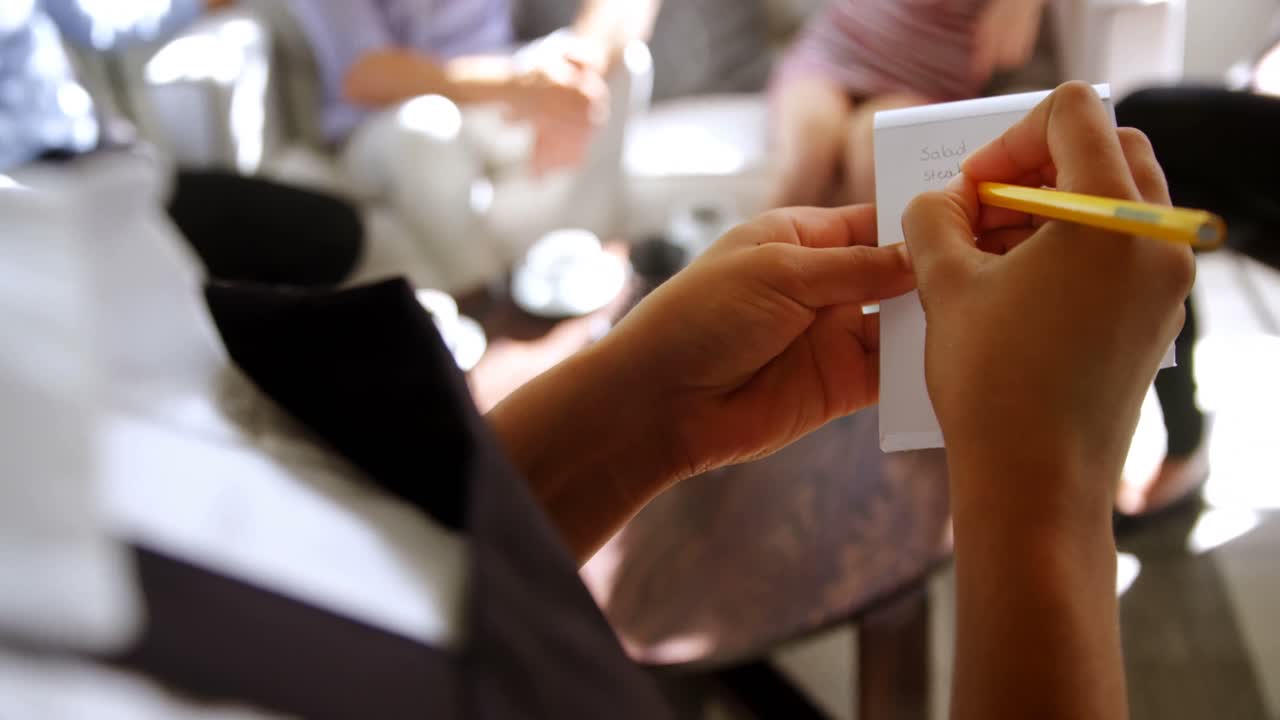 camarera escribiendo en un bloc de notas en un restaurante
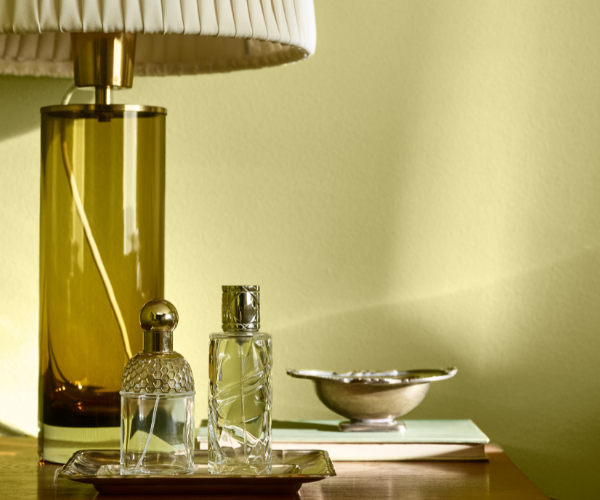 Une table avec une lampe et des flacons de parfum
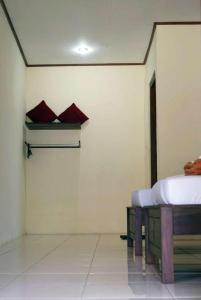 ボロブドゥールにあるPenginapan Homestay Mudiyono Syari'ahの赤い枕が備わる壁にベッドが付く部屋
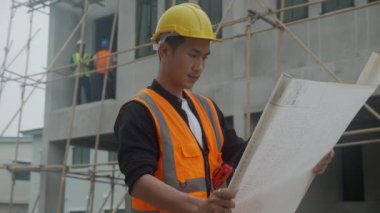 İnşaat şantiyesinde, inşaatta, müteahhitte veya inşaatçıda başarılı olmak için projeyi denetlemek ve planlamak için sağlam görünümlü planlar giyen mimar veya mühendis..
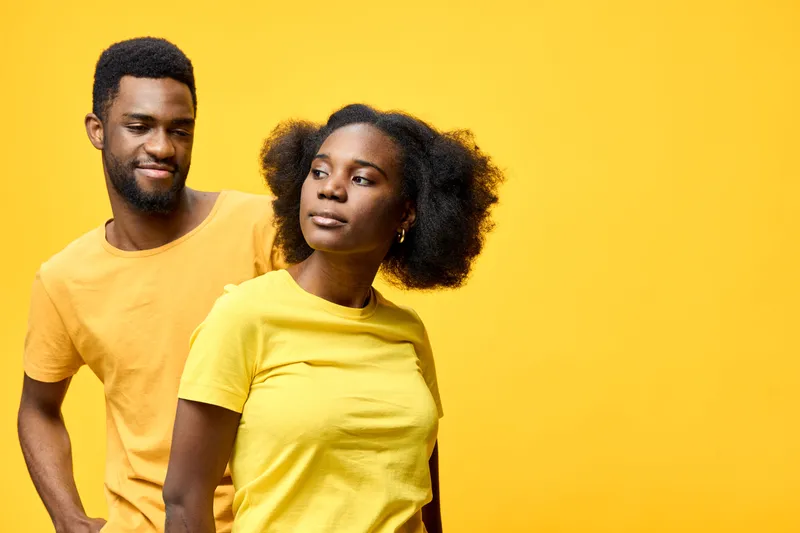 A vibrant portrait of a young African couple wearing matching yellow t shirts, showcasing joy and connection against a bright yellow background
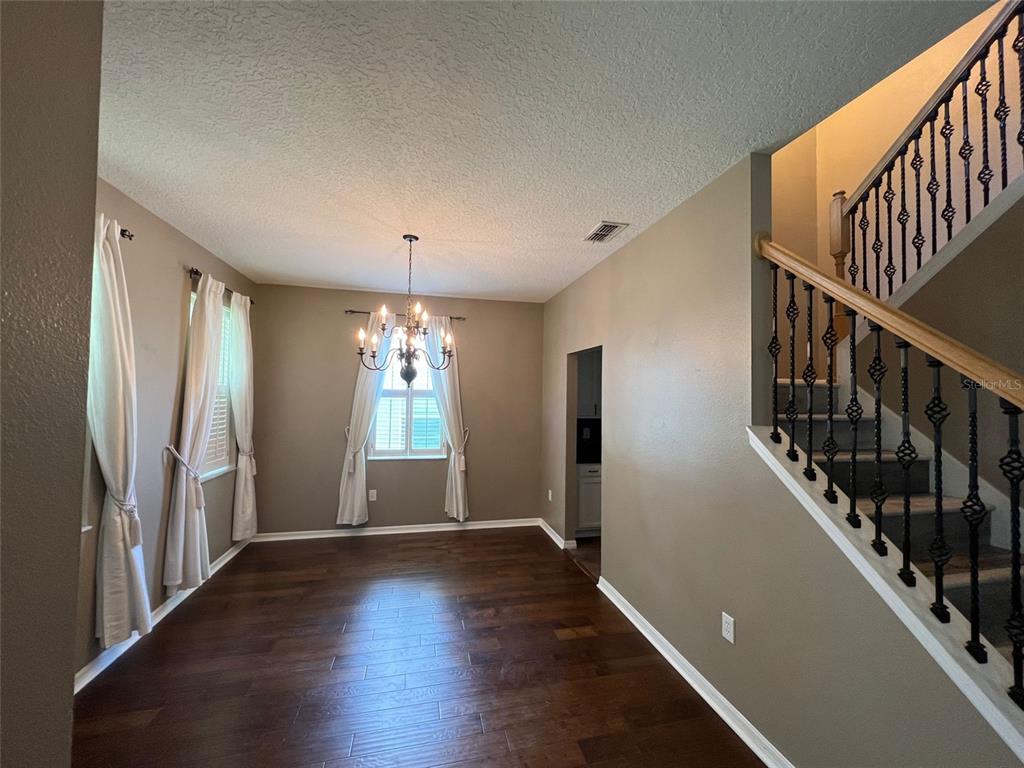 2570 Wild Tamarind Boulevard Orlando, FL 32828 - Photo 2 of 20 a view of entryway and hall with wooden floor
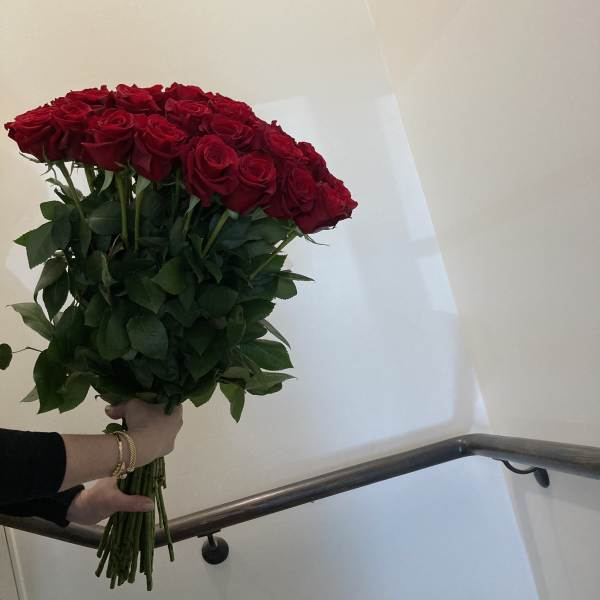 Large bouquet of red roses held by hand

────────────────

_Task brief_: Each entry should be output word for word, with no pictures carried over.

_Task solution_:
 camarera escribiendo en un bloc de notas en un restaurante
 Une table avec une lampe et des flacons de parfum
 ボロブドゥールにあるPenginapan Homestay Mudiyono Syari'ahの赤い枕が備わる壁にベッドが付く部屋
 İnşaat şantiyesinde, inşaatta, müteahhitte veya inşaatçıda başarılı olmak için projeyi denetlemek ve planlamak için sağlam görünümlü planlar giyen mimar veya mühendis..
 A vibrant portrait of a young African couple wearing matching yellow t shirts, showcasing joy and connection against a bright yellow background
 2570 Wild Tamarind Boulevard Orlando, FL 32828 - Photo 2 of 20 a view of entryway and hall with wooden floor
 Large bouquet of red roses held by hand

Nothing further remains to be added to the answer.